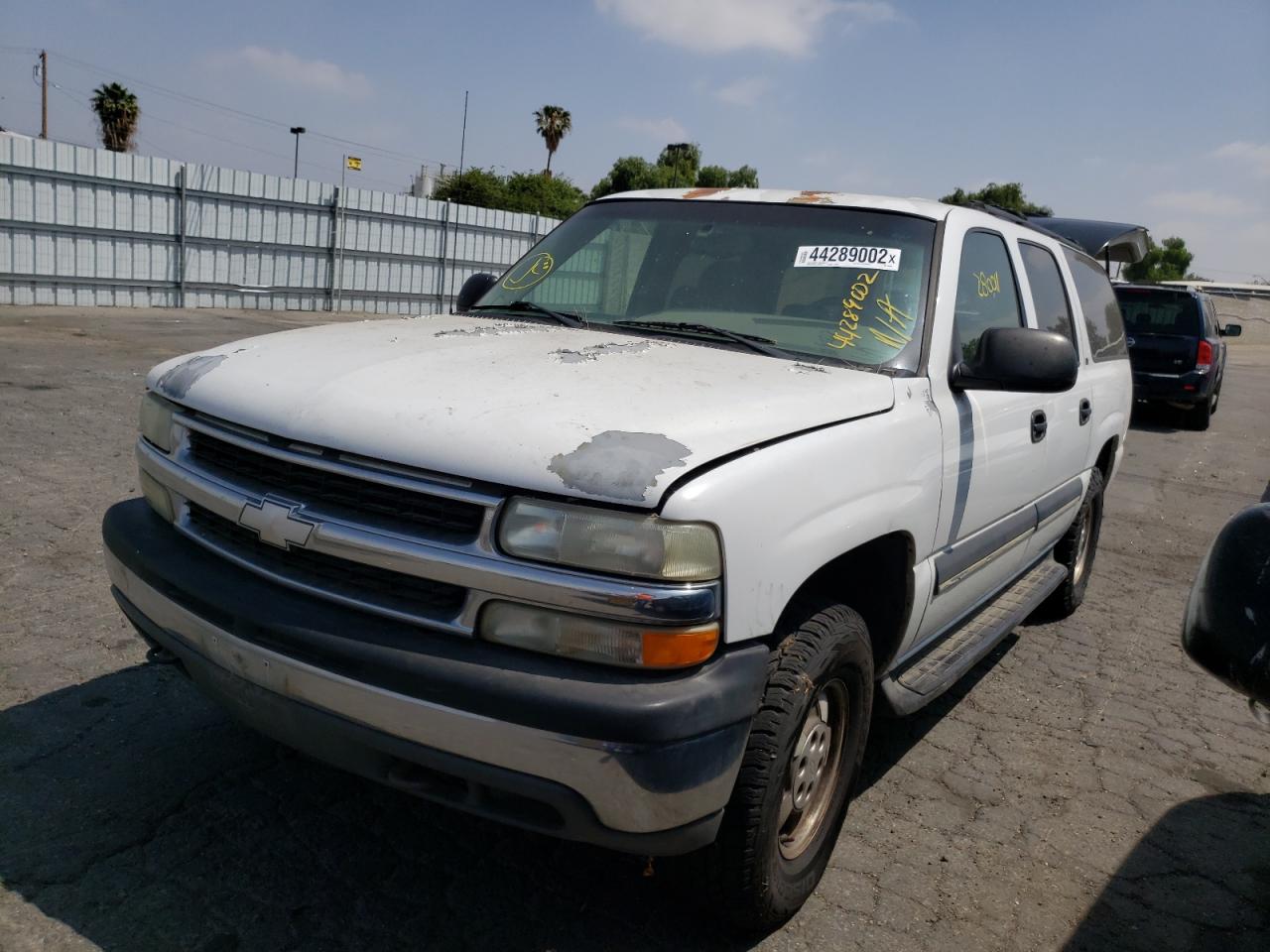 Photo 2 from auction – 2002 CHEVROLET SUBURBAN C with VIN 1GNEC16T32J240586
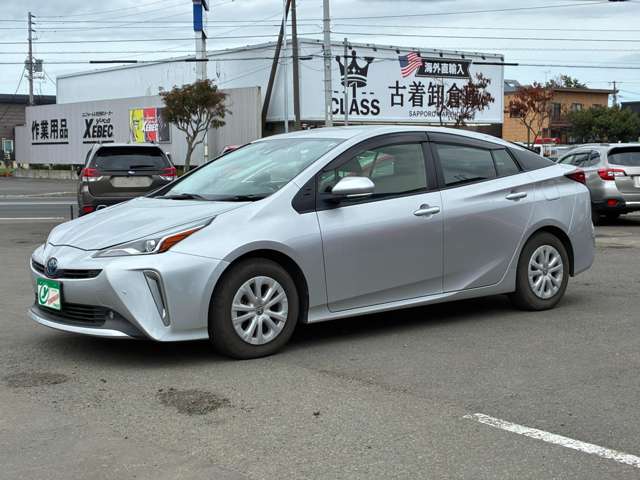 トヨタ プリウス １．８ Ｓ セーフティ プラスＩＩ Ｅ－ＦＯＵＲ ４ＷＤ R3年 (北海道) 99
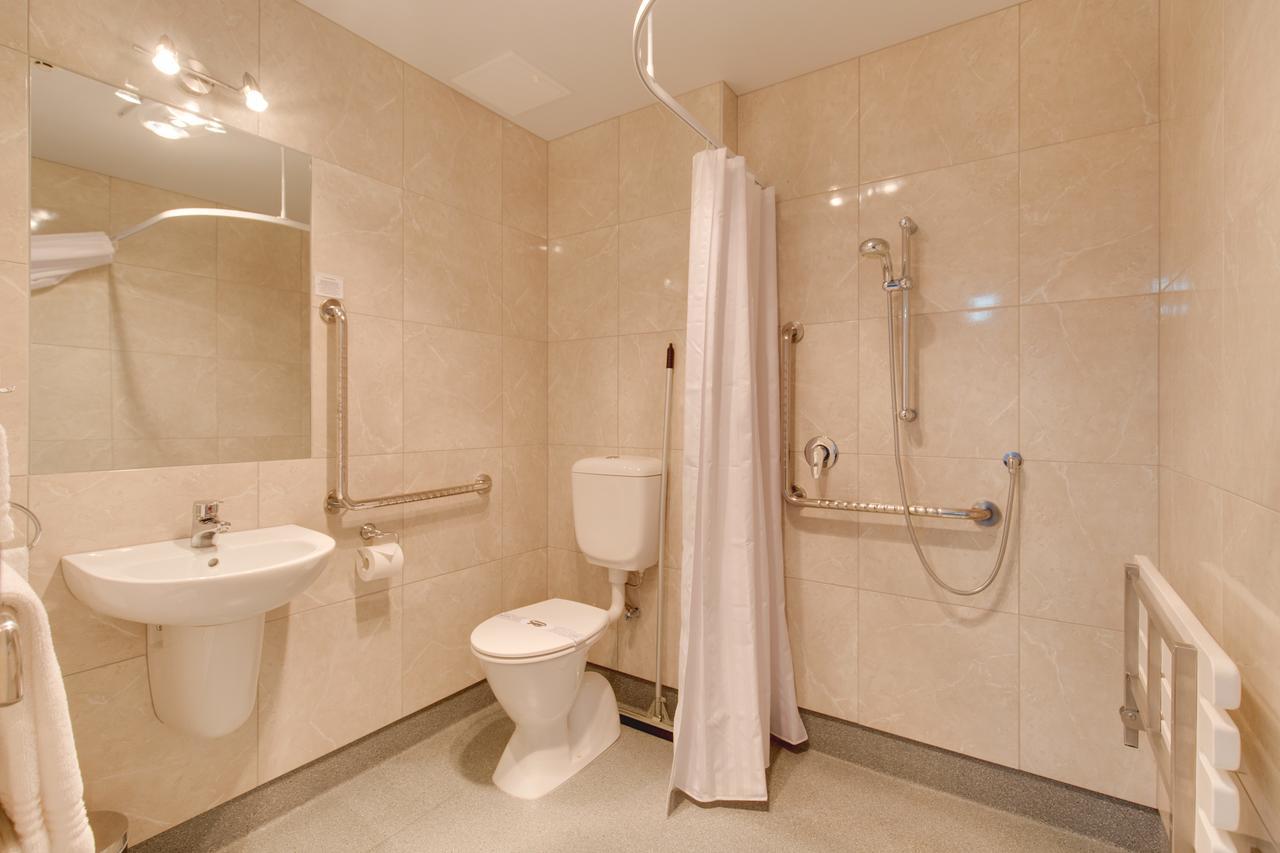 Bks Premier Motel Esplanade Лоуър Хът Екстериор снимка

------------------------------------------------------------

Task instructions => Any picture in the material is to be dropped; the rest is repeated exactly.

Response below =>
 Photo 2 from auction – 2002 CHEVROLET SUBURBAN C with VIN 1GNEC16T32J240586
 トヨタ プリウス １．８ Ｓ セーフティ プラスＩＩ Ｅ－ＦＯＵＲ ４ＷＤ R3年 (北海道) 99
 Bks Premier Motel Esplanade Лоуър Хът Екстериор снимка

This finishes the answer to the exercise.